La recrudescence des attaques est loin de connaître un épilogue sur le territoire malien. En effet, les Forces Armées Maliennes (FAMa) font l’objet, depuis plusieurs semaines, d’attaques enchaînées des groupes séparatistes et terroristes dans les différentes régions du pays, pérpétrées notamment par le Groupe de Soutien à l’Islam et aux Musulmans (JNIM), affilié à Al-Qaïda et le Front de Libération de l’Azawad (FLA). De la province de Boulikessi située dans le centre du pays, à Tombouctou, en passant par le sud, à Mahou (Sikasso), ou encore dans le Nord, le nombre d'attaques et de victimes ne cesse de croître. Face à cette situation de métastase du péril terroriste, d’enlisement de la situation sécuritaire et au regard des attaques quasi simultanées perpétrées aux quatre coins du Mali, se pose légitimement la question de l'efficacité du déploiement d’Africa Corps après le départ de Wagner du pays. Si certains affirment un statu quo depuis le remplacement de Wagner par Africa Corps en termes de dérives et de violations des droits humains, d’autres plus optimistes soutiennent une amélioration de la situation sur le long terme. Pendant ce temps, le débordement des épicentres fait craindre aux pays limitrophes un effet domino avec des conséquences inquiétantes sur le Sénégal et la Mauritanie voisins. Ainsi, au nom de la lutte anti-terroriste, comment interpréter l’avancée des groupes extrémistes dans la région pendant que le Mali noue des partenariats censés contenir un fléau qui n’a que trop duré ?
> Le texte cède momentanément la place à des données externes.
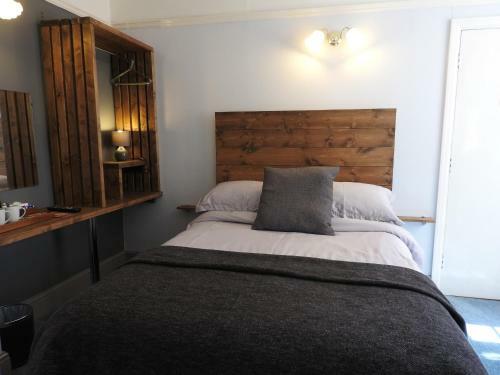 Hostal Riverside Cottage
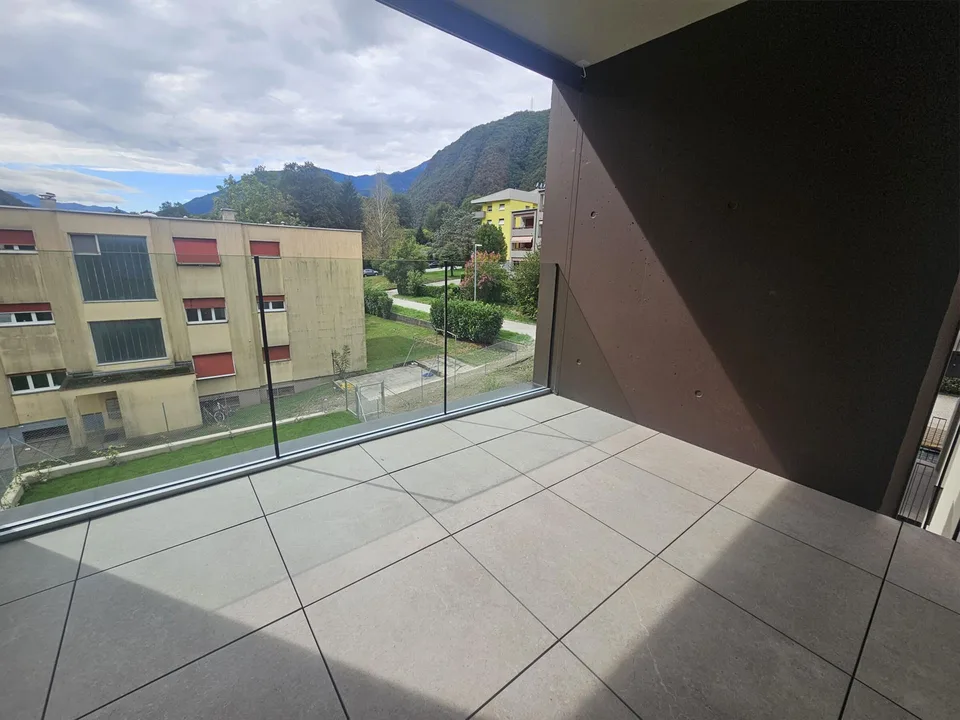 Mietet man ein neues und wunderschönes 3.5-Zimmer-Apartment in Lumino – Foto 3 von 9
L’efficacité du déploiement russe au Mali de plus en plus remise en cause

En mai 2025, le Timbuktu Institute, à travers un rapport publié sur le thème « Menace du JNIM dans la zone des trois frontières du Mali, de la Mauritanie et du Sénégal », alertait déjà sur  l’avancée de ce groupe vers les pays voisins du Mali, notamment le Sénégal et la Mauritanie,  sa volonté d’éloigner l’armée malienne des zones proches de Bamako, ainsi que la multiplication des attaques à Kayes près de la frontière avec le Sénégal et de la Mauritanie. De récentes attaques ont été commises dans le sud du pays, non loin  des  frontières sénégalaise et mauritanienne où les combattants du JNIM ont mené sept attaques simultanées précisément à Kayes ville, Nioro du Sahel, en plus de Niono et auraient pris le contrôle de trois casernes et des dizaines de points militaires. Ces combattants du JNIM revendiquent également le bombardement de la caserne de Molodo. 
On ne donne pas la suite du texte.